* _Exercise brief_
The required output is every line from the beginning of the entries below through the line that includes "aputure 2600c pro", copied exactly.

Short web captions
————————
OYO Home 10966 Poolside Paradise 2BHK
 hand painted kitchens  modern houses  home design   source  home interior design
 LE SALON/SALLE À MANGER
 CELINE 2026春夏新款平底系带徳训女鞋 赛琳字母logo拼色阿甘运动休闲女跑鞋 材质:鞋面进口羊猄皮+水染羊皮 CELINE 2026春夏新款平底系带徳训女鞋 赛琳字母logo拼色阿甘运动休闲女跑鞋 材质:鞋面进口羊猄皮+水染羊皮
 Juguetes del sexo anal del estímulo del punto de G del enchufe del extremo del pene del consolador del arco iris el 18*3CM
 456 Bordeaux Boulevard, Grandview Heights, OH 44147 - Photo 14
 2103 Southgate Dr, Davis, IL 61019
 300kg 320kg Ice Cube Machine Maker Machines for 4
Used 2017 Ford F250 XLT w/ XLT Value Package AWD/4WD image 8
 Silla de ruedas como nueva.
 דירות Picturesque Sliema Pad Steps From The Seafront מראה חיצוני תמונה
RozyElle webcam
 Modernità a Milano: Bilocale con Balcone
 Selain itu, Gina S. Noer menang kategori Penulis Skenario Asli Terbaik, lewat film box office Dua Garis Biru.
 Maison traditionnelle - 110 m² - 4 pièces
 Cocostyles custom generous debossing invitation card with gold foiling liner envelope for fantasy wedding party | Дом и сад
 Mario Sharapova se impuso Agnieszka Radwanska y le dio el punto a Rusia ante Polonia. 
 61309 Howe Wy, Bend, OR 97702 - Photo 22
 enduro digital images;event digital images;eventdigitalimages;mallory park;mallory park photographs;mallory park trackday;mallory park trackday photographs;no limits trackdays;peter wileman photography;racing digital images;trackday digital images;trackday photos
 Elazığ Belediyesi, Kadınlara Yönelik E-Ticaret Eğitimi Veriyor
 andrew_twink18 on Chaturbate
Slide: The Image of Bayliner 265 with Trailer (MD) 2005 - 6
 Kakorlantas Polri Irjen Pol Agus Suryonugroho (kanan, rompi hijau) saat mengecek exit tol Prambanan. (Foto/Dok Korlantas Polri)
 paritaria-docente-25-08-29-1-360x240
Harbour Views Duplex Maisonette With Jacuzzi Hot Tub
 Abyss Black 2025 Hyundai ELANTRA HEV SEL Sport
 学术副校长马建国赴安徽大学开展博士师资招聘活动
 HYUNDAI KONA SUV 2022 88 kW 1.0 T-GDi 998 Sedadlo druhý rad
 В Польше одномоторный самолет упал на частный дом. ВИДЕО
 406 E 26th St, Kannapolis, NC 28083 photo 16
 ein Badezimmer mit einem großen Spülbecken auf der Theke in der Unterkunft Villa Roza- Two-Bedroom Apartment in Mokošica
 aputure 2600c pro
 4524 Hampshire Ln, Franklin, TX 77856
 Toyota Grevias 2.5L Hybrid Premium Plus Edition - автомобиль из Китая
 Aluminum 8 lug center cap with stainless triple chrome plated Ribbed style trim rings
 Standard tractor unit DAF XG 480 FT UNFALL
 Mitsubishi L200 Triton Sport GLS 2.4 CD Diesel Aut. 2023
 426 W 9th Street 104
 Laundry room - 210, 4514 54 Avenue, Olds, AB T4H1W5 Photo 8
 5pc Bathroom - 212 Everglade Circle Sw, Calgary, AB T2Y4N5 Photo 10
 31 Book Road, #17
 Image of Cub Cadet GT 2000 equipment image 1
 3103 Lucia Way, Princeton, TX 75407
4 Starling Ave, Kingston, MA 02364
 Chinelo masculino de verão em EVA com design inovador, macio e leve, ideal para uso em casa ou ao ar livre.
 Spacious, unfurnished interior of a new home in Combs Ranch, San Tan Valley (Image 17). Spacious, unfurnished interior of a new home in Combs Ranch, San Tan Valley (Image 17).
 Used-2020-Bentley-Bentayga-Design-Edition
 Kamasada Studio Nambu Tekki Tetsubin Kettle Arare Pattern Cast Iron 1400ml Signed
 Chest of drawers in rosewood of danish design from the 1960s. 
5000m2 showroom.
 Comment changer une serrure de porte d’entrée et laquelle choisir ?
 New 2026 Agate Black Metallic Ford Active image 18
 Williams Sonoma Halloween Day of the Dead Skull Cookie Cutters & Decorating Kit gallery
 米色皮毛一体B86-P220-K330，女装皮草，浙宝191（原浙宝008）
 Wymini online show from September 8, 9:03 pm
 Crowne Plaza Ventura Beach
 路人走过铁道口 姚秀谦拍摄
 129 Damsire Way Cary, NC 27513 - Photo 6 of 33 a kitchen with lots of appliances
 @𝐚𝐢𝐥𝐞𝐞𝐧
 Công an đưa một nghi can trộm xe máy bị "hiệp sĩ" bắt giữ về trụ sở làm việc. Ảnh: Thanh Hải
————————
* _Task response_
OYO Home 10966 Poolside Paradise 2BHK
 hand painted kitchens  modern houses  home design   source  home interior design
 LE SALON/SALLE À MANGER
 CELINE 2026春夏新款平底系带徳训女鞋 赛琳字母logo拼色阿甘运动休闲女跑鞋 材质:鞋面进口羊猄皮+水染羊皮 CELINE 2026春夏新款平底系带徳训女鞋 赛琳字母logo拼色阿甘运动休闲女跑鞋 材质:鞋面进口羊猄皮+水染羊皮
 Juguetes del sexo anal del estímulo del punto de G del enchufe del extremo del pene del consolador del arco iris el 18*3CM
 456 Bordeaux Boulevard, Grandview Heights, OH 44147 - Photo 14
 2103 Southgate Dr, Davis, IL 61019
 300kg 320kg Ice Cube Machine Maker Machines for 4
Used 2017 Ford F250 XLT w/ XLT Value Package AWD/4WD image 8
 Silla de ruedas como nueva.
 דירות Picturesque Sliema Pad Steps From The Seafront מראה חיצוני תמונה
RozyElle webcam
 Modernità a Milano: Bilocale con Balcone
 Selain itu, Gina S. Noer menang kategori Penulis Skenario Asli Terbaik, lewat film box office Dua Garis Biru.
 Maison traditionnelle - 110 m² - 4 pièces
 Cocostyles custom generous debossing invitation card with gold foiling liner envelope for fantasy wedding party | Дом и сад
 Mario Sharapova se impuso Agnieszka Radwanska y le dio el punto a Rusia ante Polonia. 
 61309 Howe Wy, Bend, OR 97702 - Photo 22
 enduro digital images;event digital images;eventdigitalimages;mallory park;mallory park photographs;mallory park trackday;mallory park trackday photographs;no limits trackdays;peter wileman photography;racing digital images;trackday digital images;trackday photos
 Elazığ Belediyesi, Kadınlara Yönelik E-Ticaret Eğitimi Veriyor
 andrew_twink18 on Chaturbate
Slide: The Image of Bayliner 265 with Trailer (MD) 2005 - 6
 Kakorlantas Polri Irjen Pol Agus Suryonugroho (kanan, rompi hijau) saat mengecek exit tol Prambanan. (Foto/Dok Korlantas Polri)
 paritaria-docente-25-08-29-1-360x240
Harbour Views Duplex Maisonette With Jacuzzi Hot Tub
 Abyss Black 2025 Hyundai ELANTRA HEV SEL Sport
 学术副校长马建国赴安徽大学开展博士师资招聘活动
 HYUNDAI KONA SUV 2022 88 kW 1.0 T-GDi 998 Sedadlo druhý rad
 В Польше одномоторный самолет упал на частный дом. ВИДЕО
 406 E 26th St, Kannapolis, NC 28083 photo 16
 ein Badezimmer mit einem großen Spülbecken auf der Theke in der Unterkunft Villa Roza- Two-Bedroom Apartment in Mokošica
 aputure 2600c pro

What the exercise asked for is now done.